(Scraped caption text data)

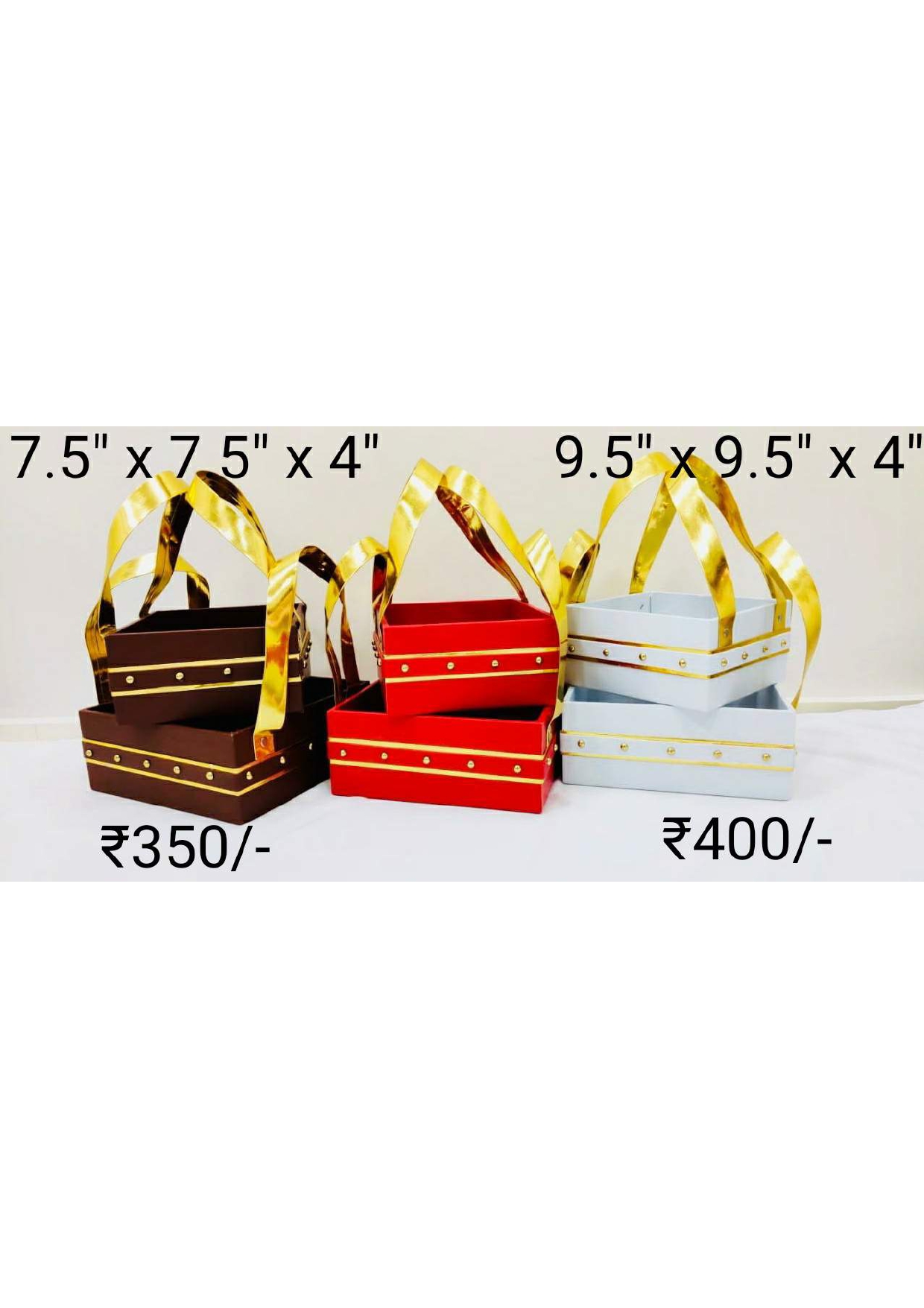 Decorative Gift Baskets
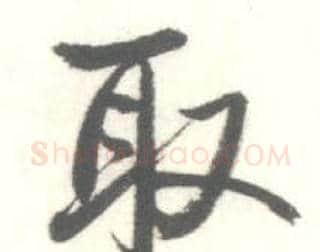 取字启功毛笔行书书法写法,摘自临苏轼手札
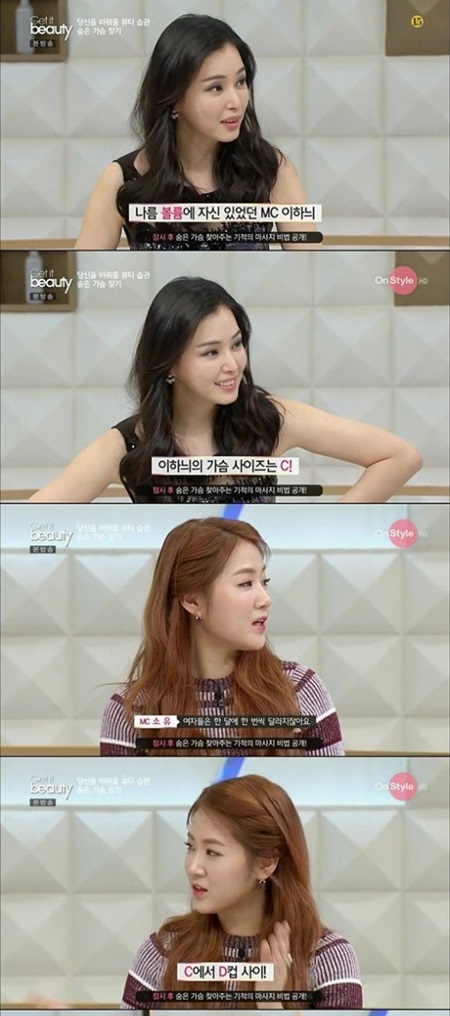 이하늬
 출처:/ OnStyle 'Get it beauty'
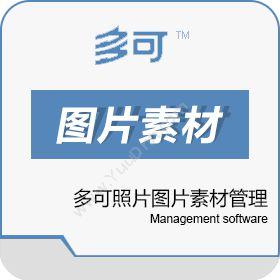 北京联高软件多可照片图片素材管理文档管理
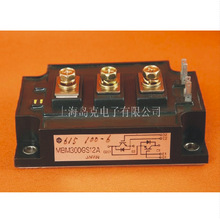 MBM300GS12A MBL400E33D MBL1000E33E2-B MBN1500E33E2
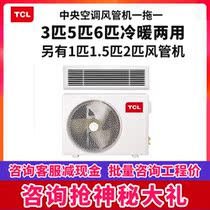 TCL duct machine one to one 3p living room household central air conditioning 3p commercial 5p 5p6p 6p embedded hidden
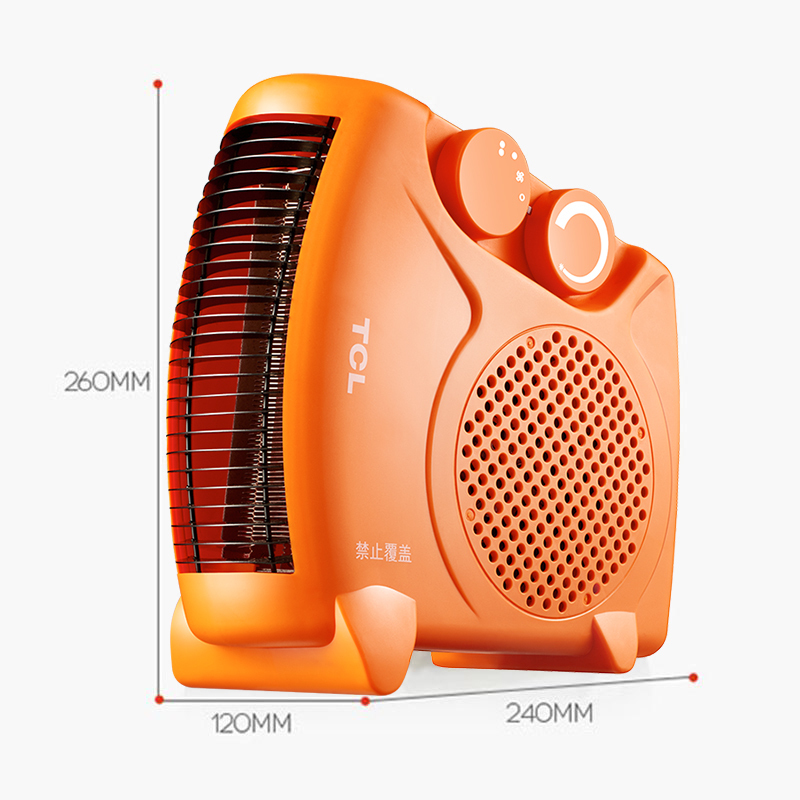 TCL 取暖器/暖风机/电暖器/电暖气/取暖器家用/台式暖风机 速热 TN-QG20-T16 橙色延长线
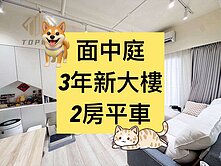 北太平✨精裝兩房｜平車視野戶｜後棟面中庭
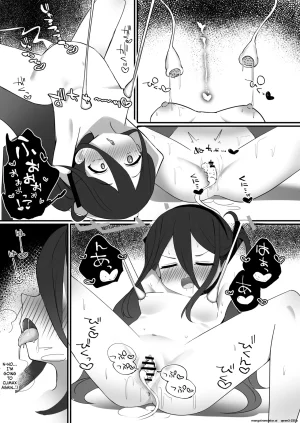 Nana Hyakuya Yaona AL-1S Seishokukinou Maintenance Blue Archive Digital SCANMTL - Page 10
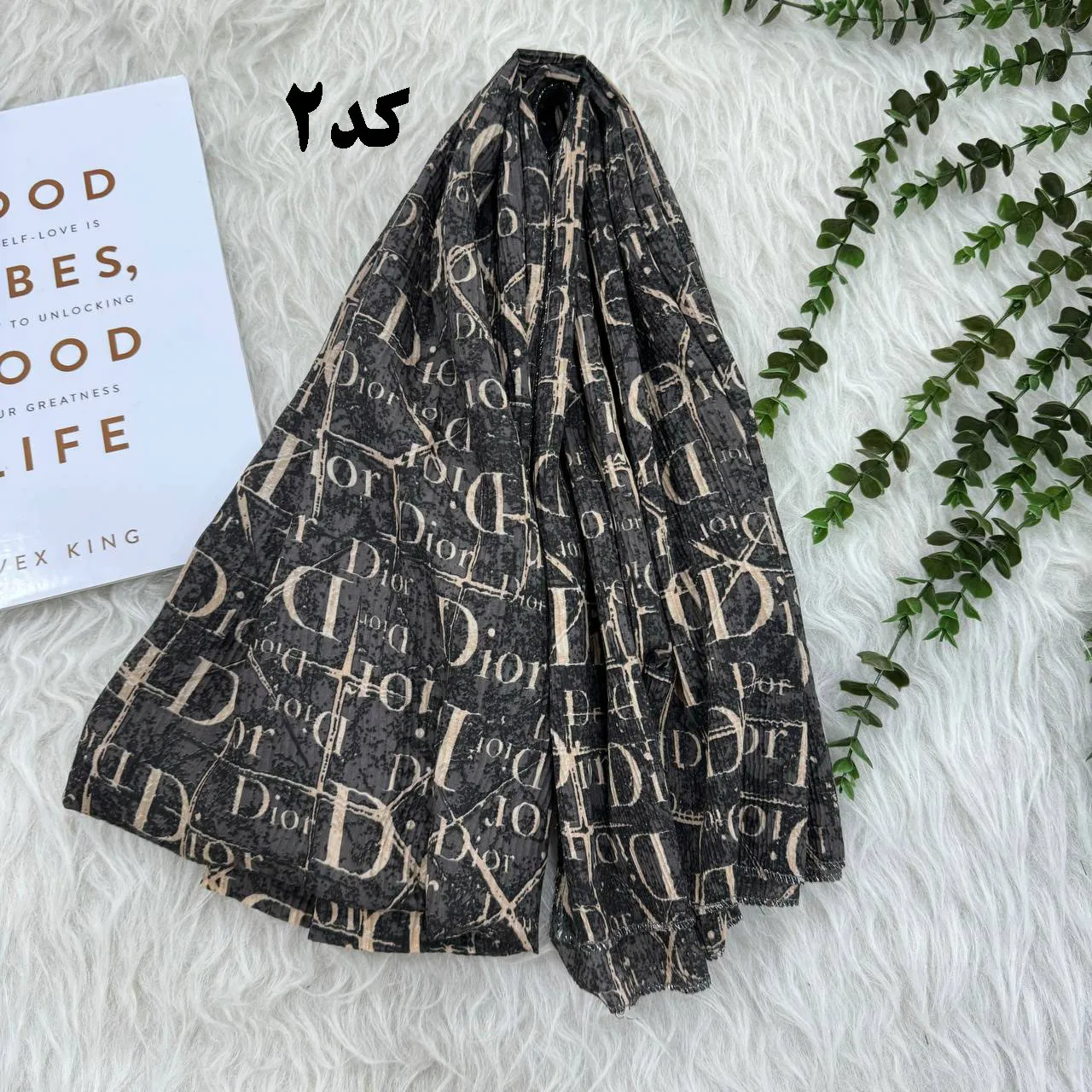 شال نخی طرحدار برشکا مدل Dior کد 1347 قواره 190x75 سانتیمتر بدون آبرفت و رنگ رفت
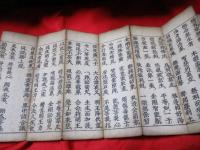 聖無動尊 大威怒王秘密陀羅尼経 金剛手菩薩説 三蔵般若遮加羅譯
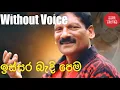 Download Lagu Issara Bandi Pema Karaoke Without Voice Sinhala Songs Karaoke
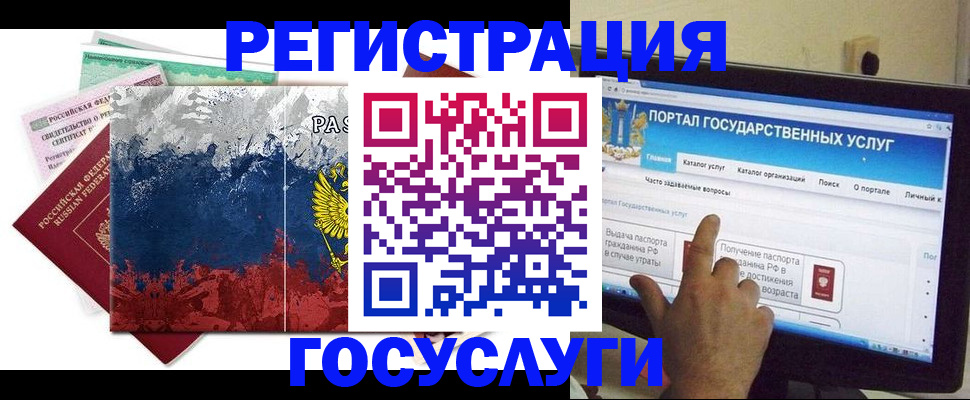 временная регистрация собственник в Беслане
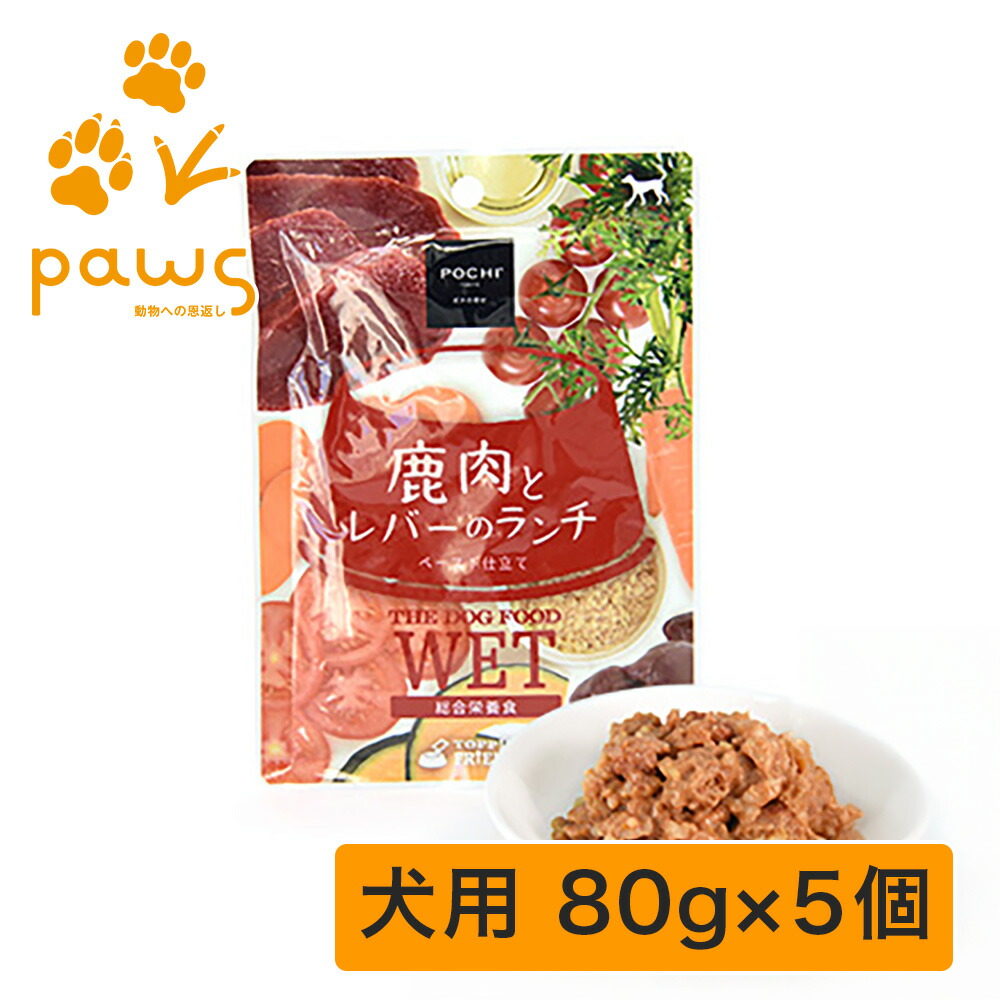 楽天市場】ポチ POCHI ザ・ドッグフード ウェット 鹿肉とレバーの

§ ACTIVITY:
The response should hold only an exact retyping of the lines from the beginning of the data through the line containing "Download Lagu Issara", both ends kept, pictures omitted.

§ EXERCISE ANSWER:
 Decorative Gift Baskets
 取字启功毛笔行书书法写法,摘自临苏轼手札
 이하늬
 출처:/ OnStyle 'Get it beauty'
 北京联高软件多可照片图片素材管理文档管理
 MBM300GS12A MBL400E33D MBL1000E33E2-B MBN1500E33E2
 TCL duct machine one to one 3p living room household central air conditioning 3p commercial 5p 5p6p 6p embedded hidden
 TCL 取暖器/暖风机/电暖器/电暖气/取暖器家用/台式暖风机 速热 TN-QG20-T16 橙色延长线
 北太平✨精裝兩房｜平車視野戶｜後棟面中庭
 Nana Hyakuya Yaona AL-1S Seishokukinou Maintenance Blue Archive Digital SCANMTL - Page 10
 شال نخی طرحدار برشکا مدل Dior کد 1347 قواره 190x75 سانتیمتر بدون آبرفت و رنگ رفت
 聖無動尊 大威怒王秘密陀羅尼経 金剛手菩薩説 三蔵般若遮加羅譯
 Download Lagu Issara Bandi Pema Karaoke Without Voice Sinhala Songs Karaoke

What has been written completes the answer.